Dick-Tale lui passa sous les jambes alors qu’il tentait de l’attraper. Les injonctions ne suffirent pas à l’arrêter.
— Yulia ! Yulia ! criait-il.
Angora hésita un bref instant. Un bref instant seulement, car elle devait retourner auprès de sa protégée. Elles devaient quitter Cathuba. Elles ne devaient pas regarder en arrière.
La Dragon se détourna, s’enroulant dans la toile, et disparut dans les ombres.
Elle retrouva l’entrée des souterrains, en dégagea les caisses qui la couvrait, et la déverrouilla en silence. Au loin, les cris paniqués des civils fuyant le feu couvraient à peine le son des bottes des soldats de l’Inquisition quadrillant le quartier alors que l’orage et la pluie surplombaient encore la ville.
On aurait pu croire que tout ce raffut, provenant de partout à la fois, la rendrait moins vigilante, moins attentive aux autres sons.
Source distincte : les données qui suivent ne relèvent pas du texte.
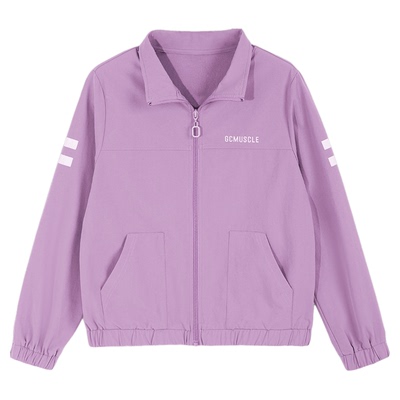 2025新款立领外套女春秋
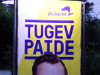 Tugev Patde – just nii on ju kirjas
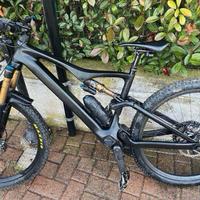 BH iLYNX TRAIL CARBON PRO 8.8 2023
C’était faux.
Elle se retourna soudain, au crissement des griffes contre la pierre, et aperçut une terrible silhouette, détourée par un éclair.
Il était là, encapuchonné, sombre et distordu.
— Tu nous quittes déjà, Angora ? fit-il, de son ton métallique et rouillé.
La Dragon en eut des frissons, alors que déjà son sang circulait à toute vitesse.
— Toi, fit-elle… Je comprends mieux maintenant : "l’agent S", c’était toi, Sagaryne ! Est-ce donc ainsi que l’on masque la présence d’un Dragon Impérial dans une mission de l’Inquisition ?
Derrière son masque de cire, elle fut certaine de le voir sourire.
— En vérité, fit-il, je travaille régulièrement avec les Inquisiteurs ; mais les Dragons de second rang tels que toi ne sont pas autorisés à le savoir…
Angora porta la main à son sabre.
— Et qu’est-ce que tu vas faire alors ? Assassiner tous les serviteurs de l’Amiral Ford, jusqu’à sa propre fille ? Tout ça pour obéir aux ordres de ces vieux fourbes du Sénat ?
Il ricana.
— Et qui pourrait m’en empêcher ? Toi ?
— J’y compte bien.
Il se jeta sur la combattante alors qu’elle dégainait. L’acier s’entrechoqua : Angora para une griffe avec son sabre de Dragon, l’autre avec son bras mécanique. Il y eu trois éclairs, et une terrible explosion.
Les deux Dragons se séparèrent, et s’immobilisèrent, se menaçant toujours de leurs armes. Ils jetèrent tous deux un coup d’œil au loin : sur une des collines, près du fauconnier, une colonne de fumée s’élevait déjà, et on pouvait apercevoir les flammes consumer les restes d’un bâtiment qu’Angora pouvait identifier comme la Caserne des Gardes.
Elle devait faire vite ! Voilà que le signal d’Ashä venait d’être donné ! Elle devait rejoindre les Corsaires avant leur départ…
— Voilà qui est intéressant, fit observer Sagaryne… Des amis à toi, peut-être ?
Elle serra les dents, et raffermit sa prise sur son épée. Du coin de l’œil, elle vérifia l’entrée du souterrain : là, dans la ruelle, la trappe était déjà dégagée ; si seulement elle pouvait gagner quelques secondes…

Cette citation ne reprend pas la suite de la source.